Como tercer ejemplo del mismo proceso, consideremos el movimiento político hoy conocido como “ecologismo”.


El sentimiento original detrás de éste era, obviamente, el amor a la naturaleza y el deseo de defenderla del asalto del sistema industrial. El “nosotros” en este caso no era la “nación” o el “pueblo”, sino la Tierra y todo lo que vive en ella.

Pero, una vez más, esta energía de afirmación de la vida fue capturada y canalizada fusionándola con la idea de autoridad.

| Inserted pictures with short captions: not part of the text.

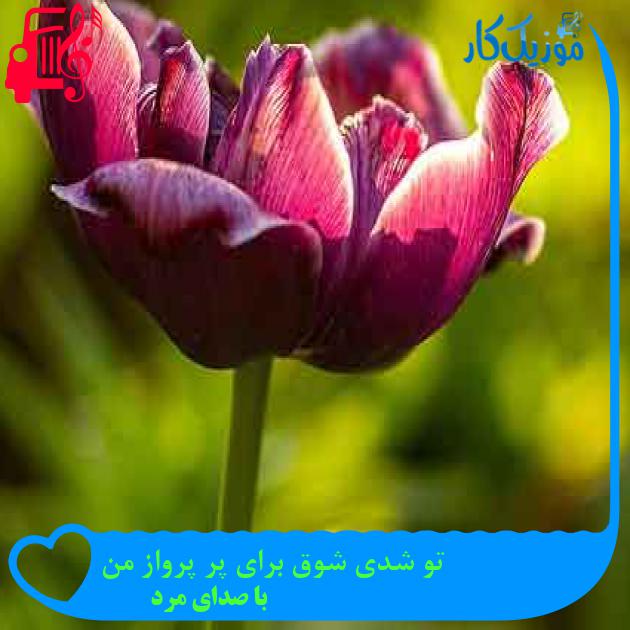 آهنگ تو شدی شوق برای پر پرواز من از با صدای مرد + متن ترانه آهنگ تو شدی شوق برای پر پرواز من از با صدای مرد + متن ترانه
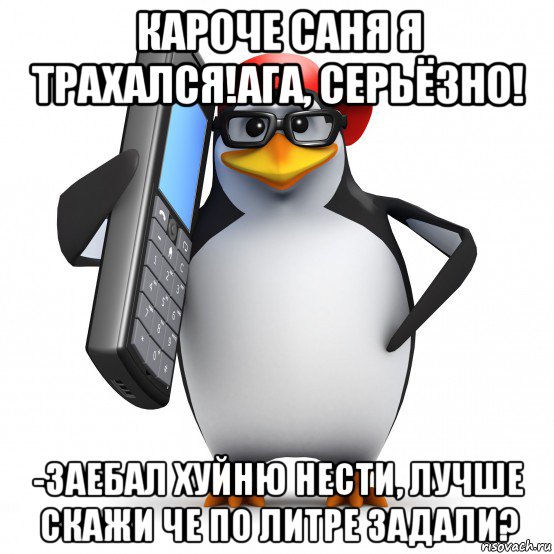 кароче саня я трахался!ага, серьёзно! -заебал хуйню нести, лучше скажи че по литре задали?, Мем   Пингвин звонит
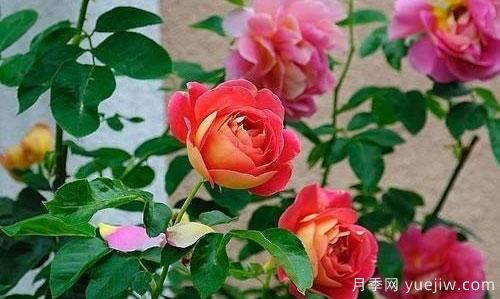 大花月季在日常中，怎么嫁接育苗和管理？(图1)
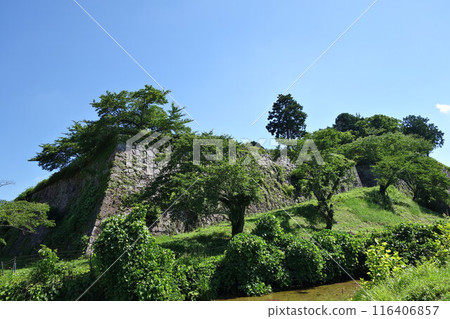 Early summer at Sasayama Castle ruins, stone walls, early July 116406857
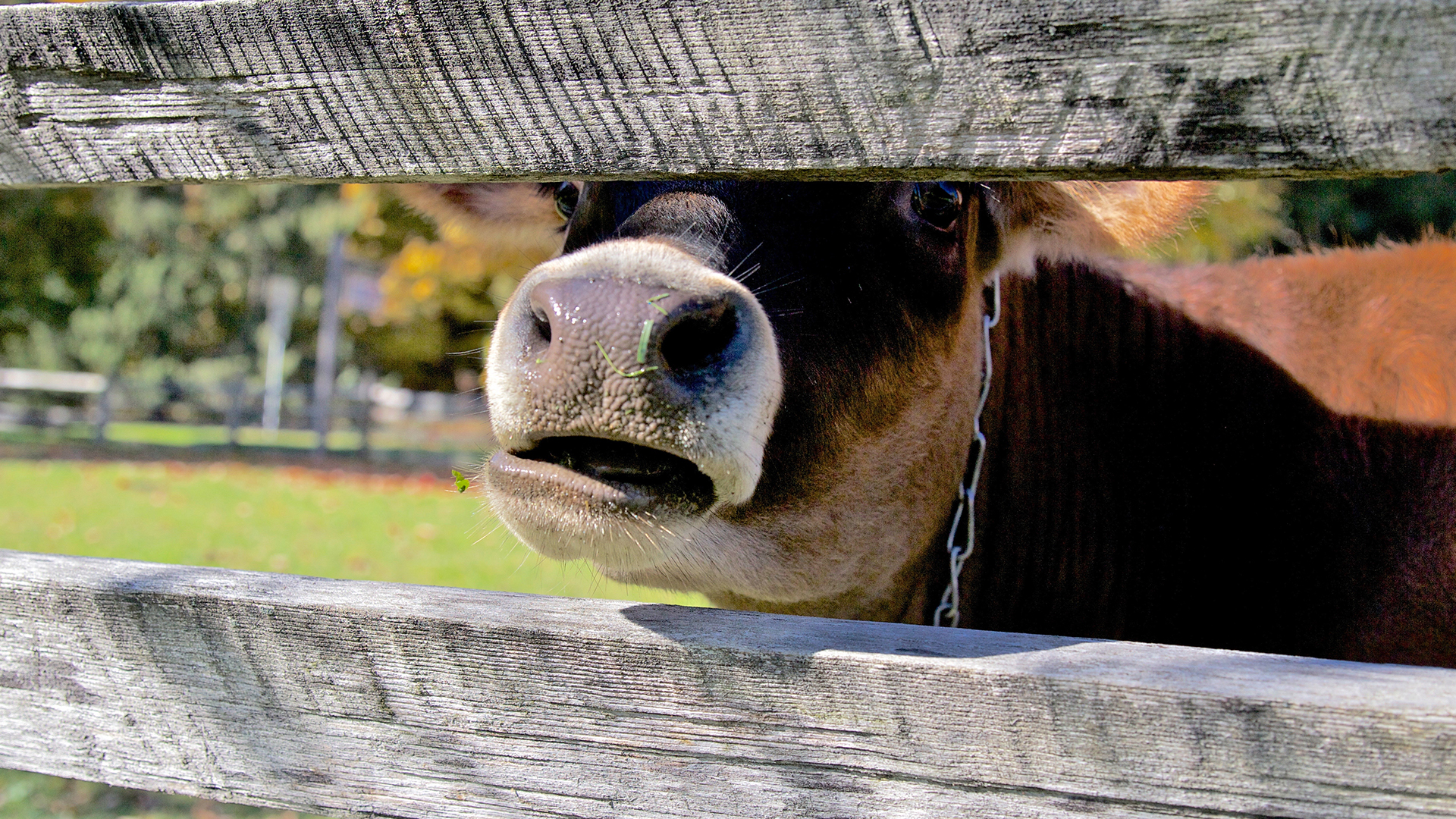 Cows at Billings Farm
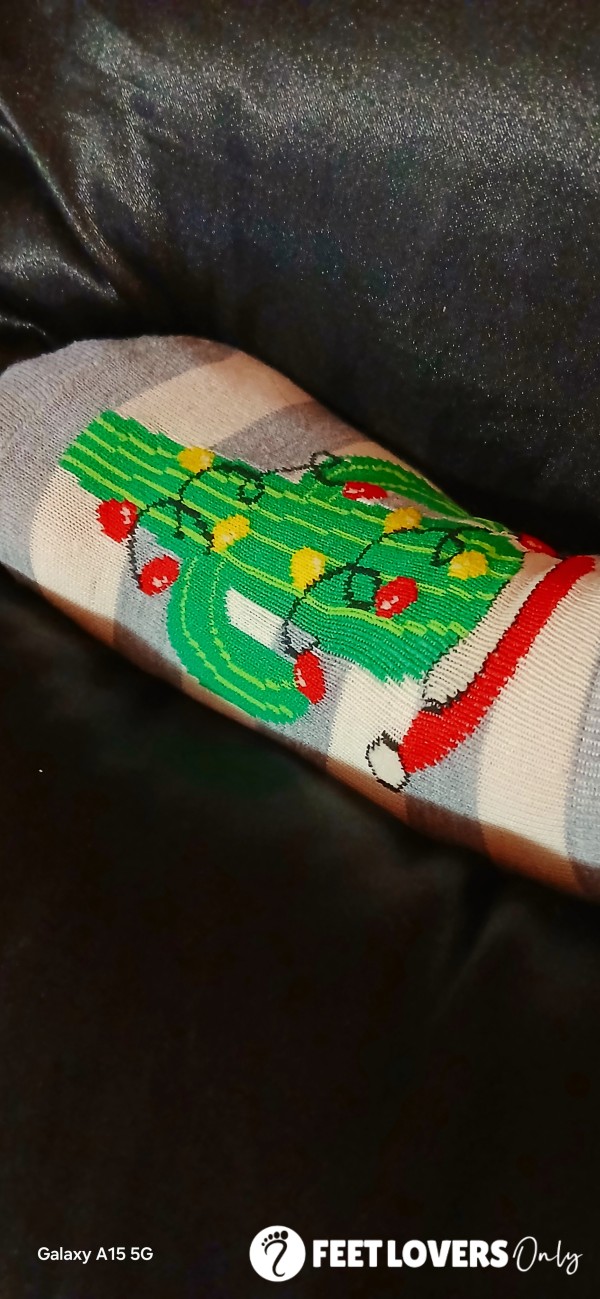 Dirty Christmas Cactus Socks. Worn Two Days And Extra Stinky.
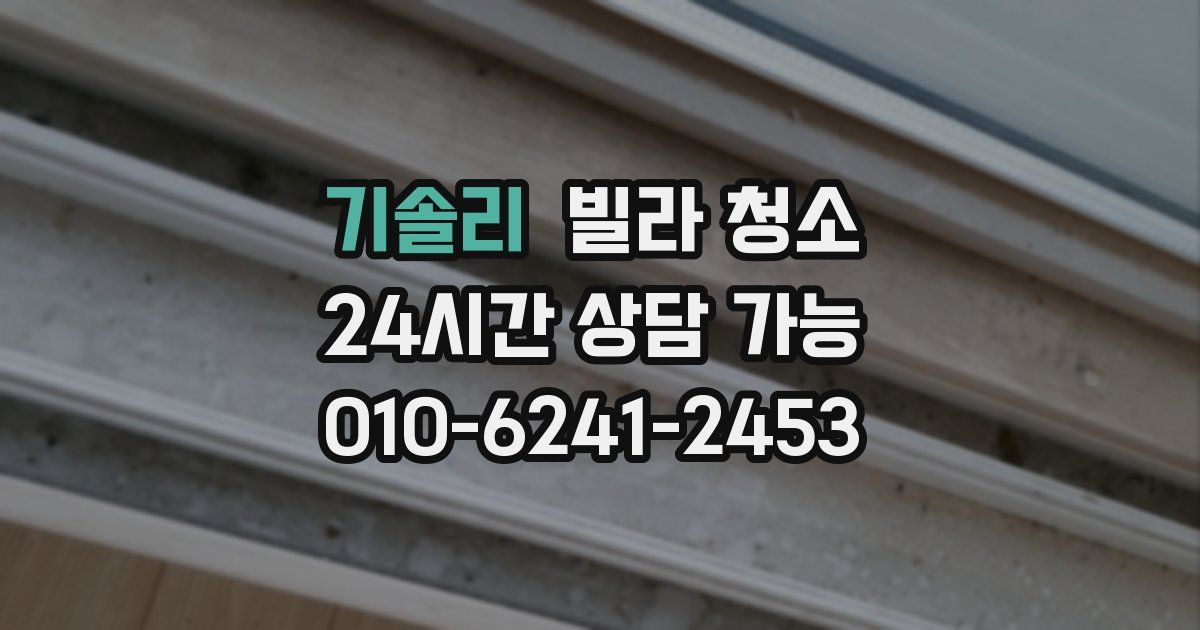 기솔리 빌라 청소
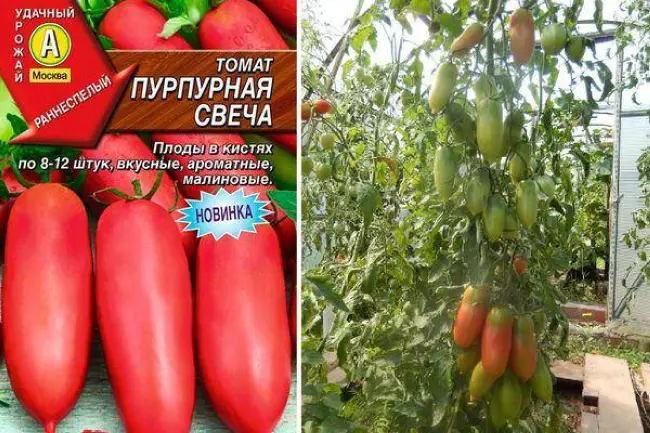 Самые урожайные сорта томатов для теплицы - характеристики, описание и фото
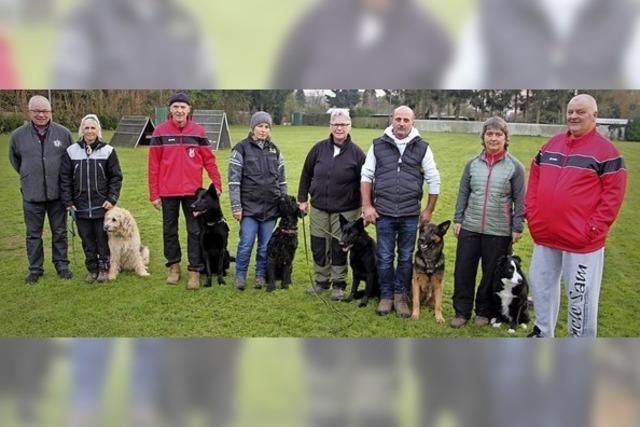 Gute Noten fr den Hundesport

La rebelión ecológica se transformó en llamamientos para que el Estado asuma más poder (“¡es una emergencia!”) y para que se vierta más dinero público en los bolsillos de las élites sostenibles y sus falsas “soluciones” (industriales).


Esta distorsión del ecologismo tiene efectos secundarios similares a los del nacionalismo y el socialismo.
La gente equipara cada vez más el término con el control central del Estado y las empresas, con una perspectiva farisaica e hipócrita, que impone la culpa de la contaminación industrial a la gente de a pie y manipula la crisis medioambiental para explotarla y restringirla.


La “lección” que aprendemos del ecologismo es, por tanto, que nos mienten por motivos ocultos y que cualquiera que exprese opiniones “verdes” es, con toda probabilidad, un farsante, un enemigo del pueblo llano y un representante de la élite del poder. Desde esta perspectiva, la libertad está ligada al derecho a seguir comprando, conduciendo coches, tomando vuelos de bajo coste, etc.


De este modo, el ecologismo ha dado un giro para empujar el pensamiento de mucha gente exactamente en la dirección opuesta a la del motor inicial de oposición al industrialismo.


La energía vital inicial se traiciona dos veces. En primer lugar, al desviarla hacia el callejón sin salida del lavado verde corporativo. En segundo lugar, al utilizar esa versión degradada para desacreditar el impulso saludable original.


Although I have recently been focusing on the fascist character of contemporary society, particularly obvious since March 2020, there are clearly deeper elements at play here.

El fascismo, al igual que el socialismo de estado y el pseudoambientalismo, es sólo una manifestación de algo más, algo desagradable que se esconde bajo la superficie de nuestra realidad y terminología política habitual.
Hay una fuerza subyacente, que creó y mantiene el corrupto sistema contemporáneo.


Este “algo” podría describirse como el poder, o la sed de poder.


Es el impulso sádico de dominar, el impulso codicioso y egoísta de poseer, consumir y engordar a costa de los demás, el cruel deleite de reírse en la cara de sus víctimas.


Es un veneno en el cuerpo humano, que se ha extendido tanto que corre el riesgo de matarnos a todos.


Rezuma pura malignidad, se deleita con la guerra, la fealdad y la destrucción.


Es la contradicción de la fuerza vital, un culto a la esterilidad, al artificio y a la muerte.


Este “algo” roba nuestros deseos más profundos, como hemos visto, y los convierte en armas para su propia defensa.


Sus mentiras forman un laberinto de espejos engañosos, que tenemos que romper si queremos recuperar todo lo que nos hace libres, felices y completos.